First Amendment to Redwire Corporation 2021 Omnibus Incentive Plan

Summary

This amendment, effective September 2, 2021, modifies the Redwire Corporation 2021 Omnibus Incentive Plan. It clarifies how the Fair Market Value is determined for any awards granted on the closing date of a specific merger, stating it will be based on the New York Stock Exchange closing price from the day before the closing date. The amendment was approved by the Compensation Committee of Redwire Corporation's Board of Directors.

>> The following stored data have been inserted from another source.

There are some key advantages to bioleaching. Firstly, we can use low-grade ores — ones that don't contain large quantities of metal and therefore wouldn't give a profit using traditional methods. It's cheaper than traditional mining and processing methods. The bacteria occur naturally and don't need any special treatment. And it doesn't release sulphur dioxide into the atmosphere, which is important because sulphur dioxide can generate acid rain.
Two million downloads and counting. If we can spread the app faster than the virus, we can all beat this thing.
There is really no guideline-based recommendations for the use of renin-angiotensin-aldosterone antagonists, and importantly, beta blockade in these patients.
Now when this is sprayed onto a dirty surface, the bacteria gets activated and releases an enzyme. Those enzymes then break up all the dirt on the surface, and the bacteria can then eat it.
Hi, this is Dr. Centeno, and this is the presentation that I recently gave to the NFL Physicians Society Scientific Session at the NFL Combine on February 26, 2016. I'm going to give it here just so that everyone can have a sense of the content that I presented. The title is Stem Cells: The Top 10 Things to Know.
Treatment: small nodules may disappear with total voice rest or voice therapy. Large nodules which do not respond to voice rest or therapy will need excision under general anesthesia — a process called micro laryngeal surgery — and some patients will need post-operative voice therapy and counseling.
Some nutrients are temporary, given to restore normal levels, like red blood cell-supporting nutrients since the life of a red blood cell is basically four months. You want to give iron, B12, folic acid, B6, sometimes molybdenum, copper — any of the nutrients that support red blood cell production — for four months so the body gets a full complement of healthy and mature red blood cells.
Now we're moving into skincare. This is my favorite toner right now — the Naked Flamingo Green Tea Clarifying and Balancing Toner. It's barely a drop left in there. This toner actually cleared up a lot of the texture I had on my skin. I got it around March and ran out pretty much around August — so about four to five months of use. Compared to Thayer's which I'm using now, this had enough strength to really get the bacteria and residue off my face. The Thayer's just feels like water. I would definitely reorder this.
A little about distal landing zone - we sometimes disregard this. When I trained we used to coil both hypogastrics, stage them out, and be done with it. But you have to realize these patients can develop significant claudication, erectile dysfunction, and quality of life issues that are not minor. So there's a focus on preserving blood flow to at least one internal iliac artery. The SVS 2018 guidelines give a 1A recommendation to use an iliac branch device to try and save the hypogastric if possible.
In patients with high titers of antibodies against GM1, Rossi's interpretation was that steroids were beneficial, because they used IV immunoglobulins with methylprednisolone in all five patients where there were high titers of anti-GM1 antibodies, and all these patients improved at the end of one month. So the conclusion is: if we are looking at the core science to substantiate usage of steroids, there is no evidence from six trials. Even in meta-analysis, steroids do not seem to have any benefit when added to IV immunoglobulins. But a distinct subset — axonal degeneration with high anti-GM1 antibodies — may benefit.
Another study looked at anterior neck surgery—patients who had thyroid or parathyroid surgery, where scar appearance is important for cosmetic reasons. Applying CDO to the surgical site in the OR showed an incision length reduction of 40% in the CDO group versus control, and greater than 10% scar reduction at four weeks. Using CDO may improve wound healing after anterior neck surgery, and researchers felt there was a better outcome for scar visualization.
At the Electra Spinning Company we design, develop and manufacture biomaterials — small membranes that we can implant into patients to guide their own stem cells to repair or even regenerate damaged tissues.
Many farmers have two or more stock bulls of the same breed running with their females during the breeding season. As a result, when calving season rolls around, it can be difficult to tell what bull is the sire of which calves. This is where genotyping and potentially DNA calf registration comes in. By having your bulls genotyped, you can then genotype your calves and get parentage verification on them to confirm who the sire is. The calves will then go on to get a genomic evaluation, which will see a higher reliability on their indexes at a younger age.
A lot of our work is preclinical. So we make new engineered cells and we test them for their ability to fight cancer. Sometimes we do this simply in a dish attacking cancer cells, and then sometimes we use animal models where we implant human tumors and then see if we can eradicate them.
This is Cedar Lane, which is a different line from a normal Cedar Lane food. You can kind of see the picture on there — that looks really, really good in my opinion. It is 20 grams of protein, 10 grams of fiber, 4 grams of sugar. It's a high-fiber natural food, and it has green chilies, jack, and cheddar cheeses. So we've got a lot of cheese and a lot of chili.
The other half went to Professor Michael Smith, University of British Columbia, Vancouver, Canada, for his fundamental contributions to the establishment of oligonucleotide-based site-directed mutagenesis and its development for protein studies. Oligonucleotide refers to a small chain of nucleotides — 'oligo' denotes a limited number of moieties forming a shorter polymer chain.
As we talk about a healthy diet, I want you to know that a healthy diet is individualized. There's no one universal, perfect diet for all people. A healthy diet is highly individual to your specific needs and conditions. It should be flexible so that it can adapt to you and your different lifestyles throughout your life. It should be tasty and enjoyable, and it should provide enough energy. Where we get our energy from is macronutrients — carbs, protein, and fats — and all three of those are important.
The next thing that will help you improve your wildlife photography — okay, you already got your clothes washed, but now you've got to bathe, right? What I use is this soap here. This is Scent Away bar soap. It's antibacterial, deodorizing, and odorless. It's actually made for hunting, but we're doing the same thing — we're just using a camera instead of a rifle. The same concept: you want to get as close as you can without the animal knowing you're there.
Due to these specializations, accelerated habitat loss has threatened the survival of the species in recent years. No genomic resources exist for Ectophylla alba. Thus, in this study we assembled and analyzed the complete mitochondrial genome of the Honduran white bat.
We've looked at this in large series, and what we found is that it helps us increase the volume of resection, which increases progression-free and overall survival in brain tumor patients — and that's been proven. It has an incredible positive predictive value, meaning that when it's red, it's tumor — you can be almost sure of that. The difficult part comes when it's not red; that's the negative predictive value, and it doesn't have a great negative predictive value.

EX-10.9 6 tm2126959d1_ex10-9.htm EXHIBIT 10.9

Exhibit 10.9

 

FIRST AMENDMENT TO THE REDWIRE CORPORATION 2021 OMNIBUS
INCENTIVE PLAN

 

Effective as of September 2, 2021, pursuant to action taken by the Compensation Committee of the Board of Directors of Redwire Corporation, the Redwire Corporation 2021 Omnibus Incentive Plan (the “Plan”) has been amended to add the following sentence to the end of Section 2(r) of the Plan:

 

“Notwithstanding the foregoing, with respect to any Award granted on the Closing Date (as defined in that certain Merger Agreement dated March 25, 2021 by and among Genesis Park Acquisition Corp., Redwire, LLC, and the other parties thereto), Fair Market Value shall mean the closing price reported on the New York Stock Exchange on the trading day immediately prior to the Closing Date.”